Мгновенно почувствовав сожаление, я закрыл глаза.
– Извините. Я не хотел срываться.
– Нет, это хорошо. Гнев – это хорошо. Знаешь почему? Потому что, если ты срываешься, значит, ты не опустошен. Я думаю, что твои чувства противоположны пустоте, Лэндон. Я думаю, ты чувствуешь слишком много. Прямо сейчас ты испытываешь все существующие на свете эмоции и не можешь с ними справиться. Ты находишься в режиме перегрузки, и из-за этого тебе кажется, что ты не способен ни на что повлиять.
– Как мне это исправить? – прошептал я сквозь стиснутые зубы. – Как мне исправить себя?
Она вздохнула и потерла лоб:
– В первую очередь тебе нужно осознать, что ты не сломлен – ты скорбишь.
Я позволил этим словам проникнуть в мое сознание и поерзал на месте.
Так ли это? Горевал ли я по человеку, который не хотел меня знать, пока был жив?
Нет. К черту его.
К черту его за то, что он не хотел меня знать, к черту его за то, что ему было все равно, и к черту его за то, что он умер.

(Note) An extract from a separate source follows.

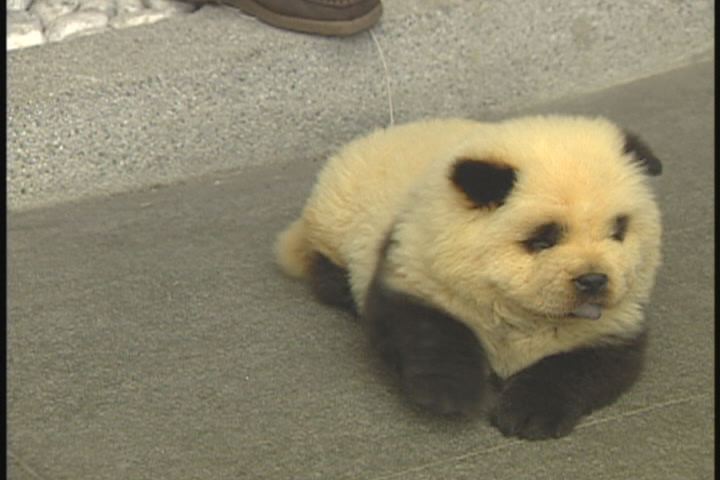 パンダ犬 晴れ ときどき 2匹とセンセン パンダ犬 晴れ ときどき 2匹とセンセン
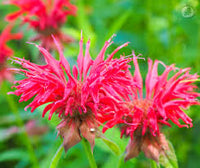 Mondarda Didyma Flower seeds for Planting Garden Favorite Heirloom & GMO Free Seeds for Home Garden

– Это лекарства, – прокомментировал я, сцепив пальцы.
– С лекарством, которое ты принимаешь, все в порядке.
– Не знаю. Может, стоит попробовать что-нибудь еще, – проворчал я, почесывая шею.
– Дело не в лекарстве, – еще раз заявила доктор Смит.
– Откуда вам знать? Вы не я.
– Как ты чувствовал себя до того, что случилось с твоим отцом?
Я перебрал в памяти дни, предшествовавшие смерти отца. Я думал о Шей и ее улыбке, о том, как мы смеемся, целуемся, занимаемся любовью. О том, как хорошо, как легко было рядом с ней. Об актерских возможностях, которые мне открылись, о том, как сбываются мои мечты, о том, что у меня появились чертовы мечты. У меня. Настоящие мечты. Раньше я жил только кошмарами.
Последние несколько недель я не чувствовал ничего, кроме настоящей жизни.
Я опустил голову и уставился на ковер.
– Это горе? – спросил я.
Она кивнула:
– Да. Это горе.
Черт.
Я так надеялся, что смогу принять лекарство, чтобы просто избавиться от этой боли.